In his 1955 work Discourse on Colonialism, Aimé Césaire, the French poet and politician, argues that fascism was the result of bringing to bear on domestic populations the tactics European countries used on their colonial subjects in Africa. This is what has been called in the literature the “imperial boomerang thesis”. As many have been pointing out on social media and elsewhere, if we think of the US Black American population as an internally colonized population, then you can see what is happening on the streets of Minneapolis as a manifestation of the imperial boomerang thesis.
It is an old point in the literature on fascism that if you allow fascism somewhere – in Guantánamo Bay, in Israel, on the streets of American cities – it will soon leak out everywhere. As Ida B Wells noted in her 1892 book Southern Horrors: “They forget that a concession of the right to lynch a man for a certain crime … concedes the right to lynch any person for any crime.”
Some commentators have taken the fact that the violence we are seeing is familiar in the US – arbitrary killings by legal authorities – to draw the conclusion that what we are seeing is not fascism, but just America as it always has been. But fascism is characteristically arbitrary legal practices applied outside of what had been a standard exception – in the case of the United States, that would be generalizing the arbitrary violence directed at Black populations to the population as a whole. Fascism feeds off exceptions to equal personhood, adopting practices honed on those considered lesser-than to apply to the regime’s political opponents. America has always been structured on exceptions to equal personhood. These exceptions laid the groundwork for the descent of the US into full-blown fascism.
We can also not maintain that the situation is merely the expansion of America’s fascist practices directed against non-white populations to the population at large. Fascism brings with it an intensification of the campaign against the exceptions, since it rips off the facade of pretense.
Right now, the official state policy of the US government is white supremacy. We are in the phase of autocracy where the government is arresting journalists. And of course, the government is beginning this phase with publicly arresting Black journalists. The regime has publicly targeted Black people in positions of power, as well as sectors that employ large numbers of Black women. And of course, longstanding US targeting of non-white immigrants has escalated, with the regime spending billions to build a vast system of concentration camps.

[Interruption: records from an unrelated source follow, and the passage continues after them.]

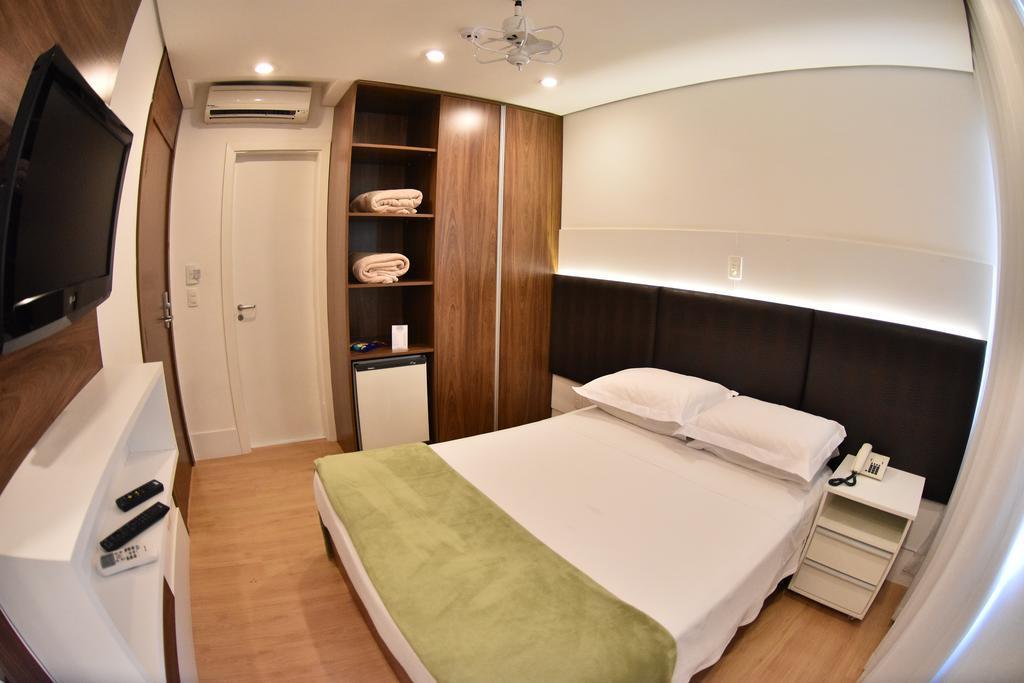 Cordilheira Hotel แซร์ฮาเนกรา ภายนอก รูปภาพ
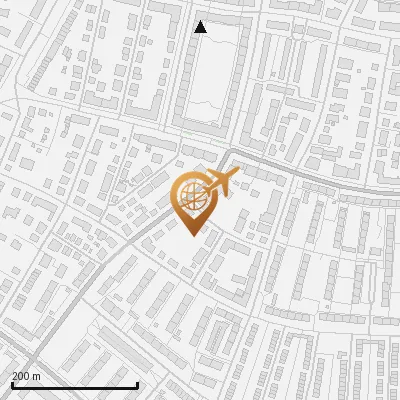 Foto zu Högerstraße 7-13, 80689 München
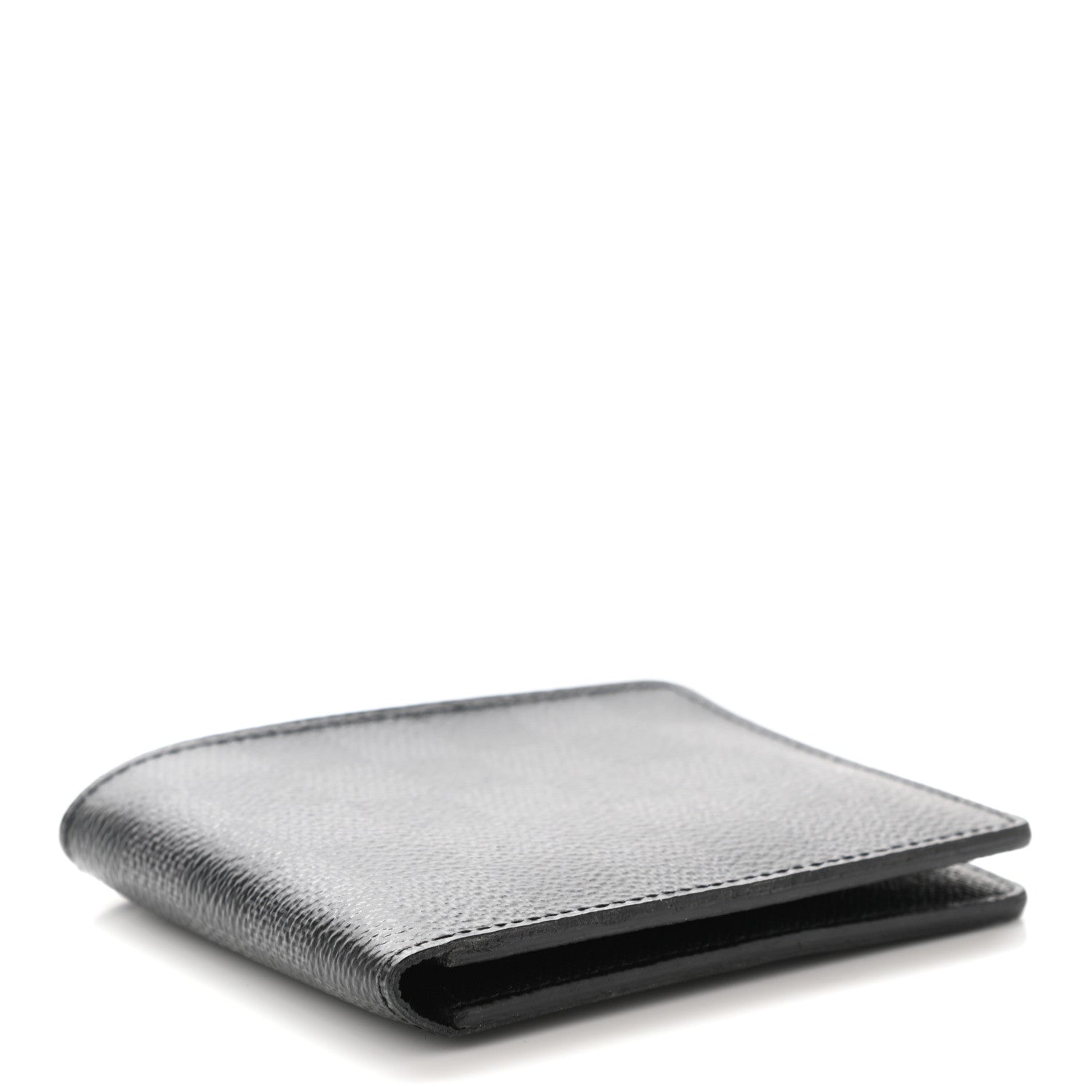 Louis Vuitton Damier Graphite Slender Wallet 4 of 10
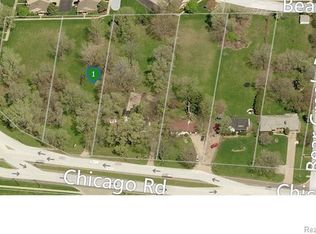 2901 Chicago Rd, Warren, MI 48092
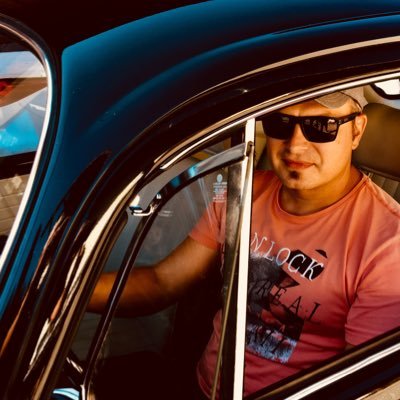 Profile Picture of Thomas Kuster (@ThomasKuster) on Twitter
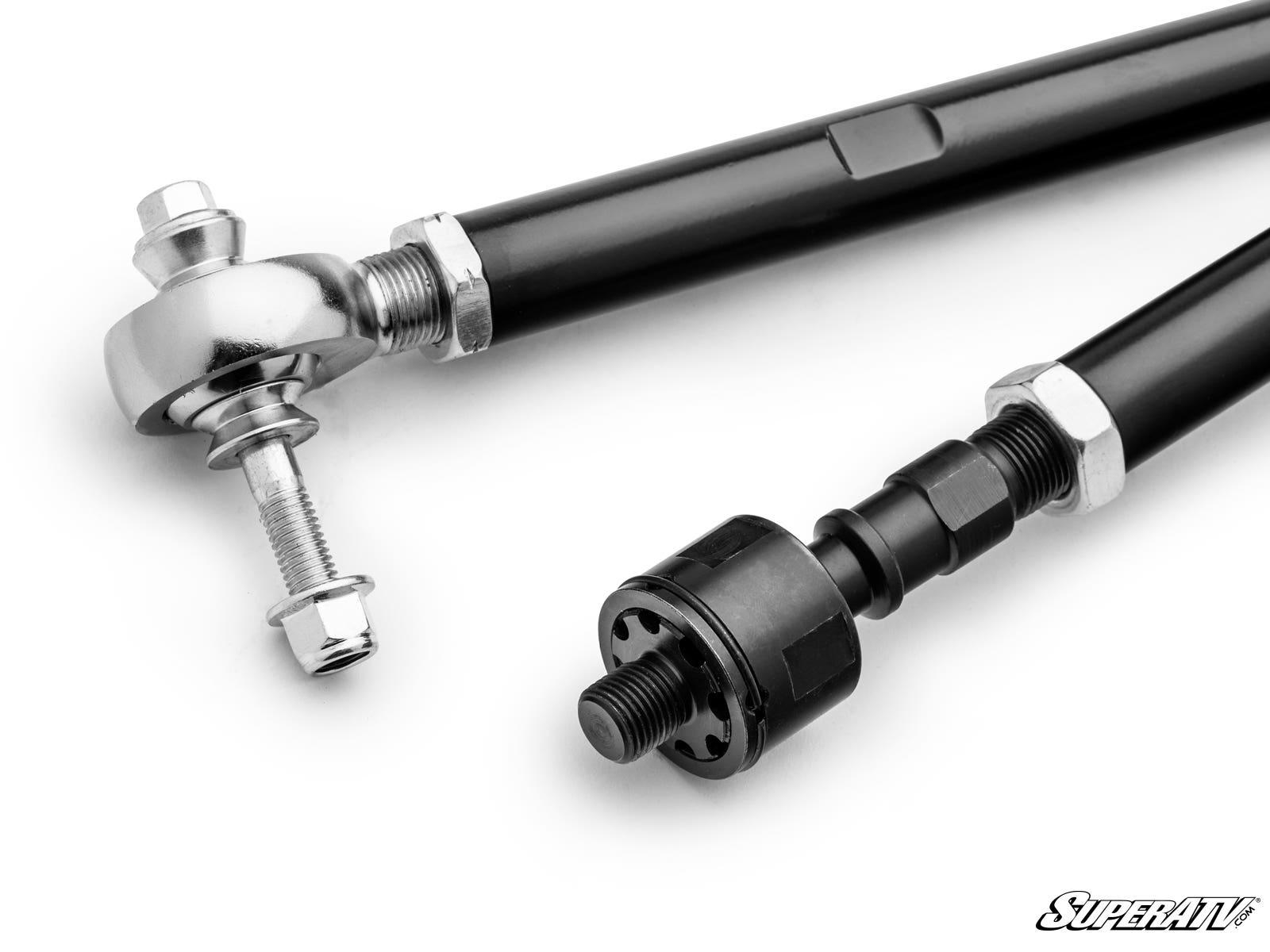 Can-Am Commander RackBoss 2.0 Steel Bar Tie Rod Kit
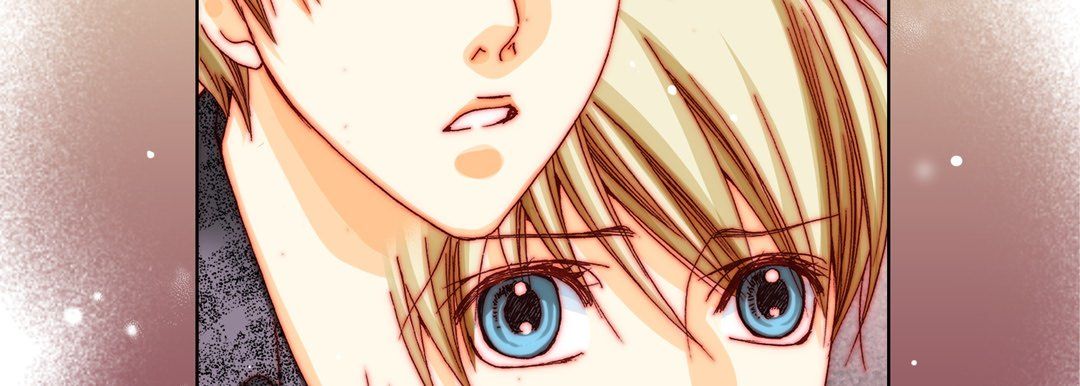 完美无缺的虏获第32话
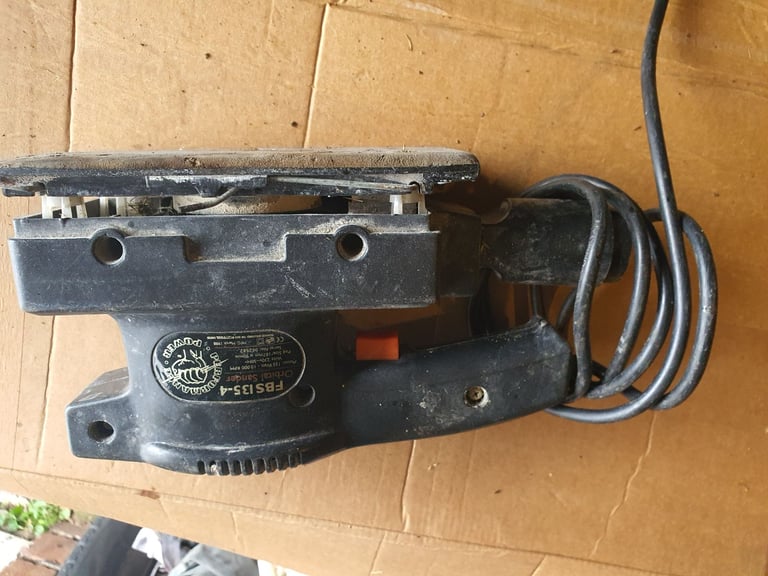 image for Electric sander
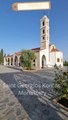 Larnaca - Saint Georgios Kontos Monastery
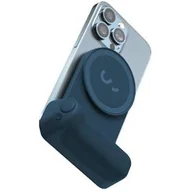 Akcesoria fotograficzne - Uchwyt ShiftCam SnapGrip (SC-SG-IN-AB-EF) Niebieski - miniaturka - grafika 1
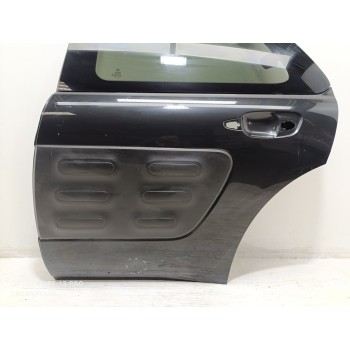 Recambio de puerta trasera izquierda para citroën c4 cactus onetone referencia OEM IAM 9801219180  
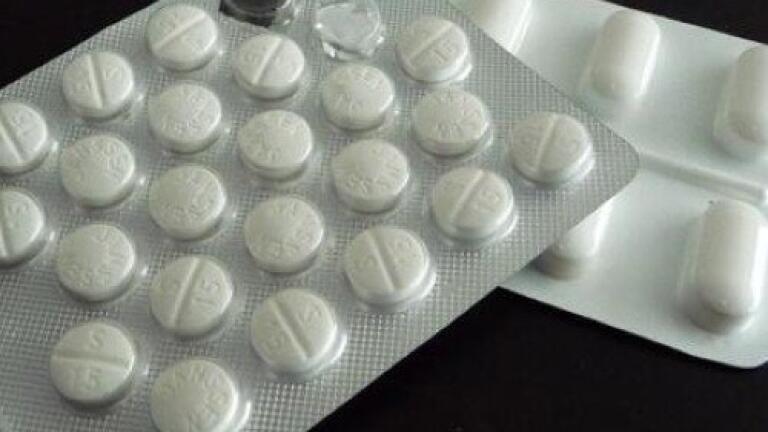 New cancer drug trial early results positive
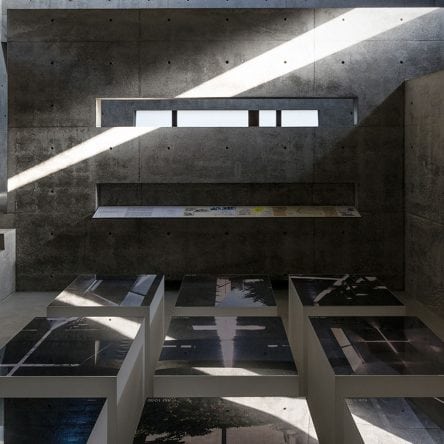 Atmospheric Light - Blog Image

The terror campaign against Somali immigrants in Minneapolis and (it looks like) a coming pogrom against Haitian immigrants in Ohio will be opportunities to showcase the regime’s capacity to impose terror. Under fascism, everything becomes dramatically worse for everyone – including the working-class white families whose access to healthcare and other basic human rights are dramatically rolled back to pad the pockets of the dictator and his billionaire friends.
Fascism harshly targets LGBTQ+ acceptance. Again, this works in steps. The campaign against trans acceptance was promoted in large part by mainstream media. But it was taken up as a central plank of the Trump campaign, and we can expect this “exception” to tolerance to be the springboard of a more widespread attack against the American LGBTQ+ community.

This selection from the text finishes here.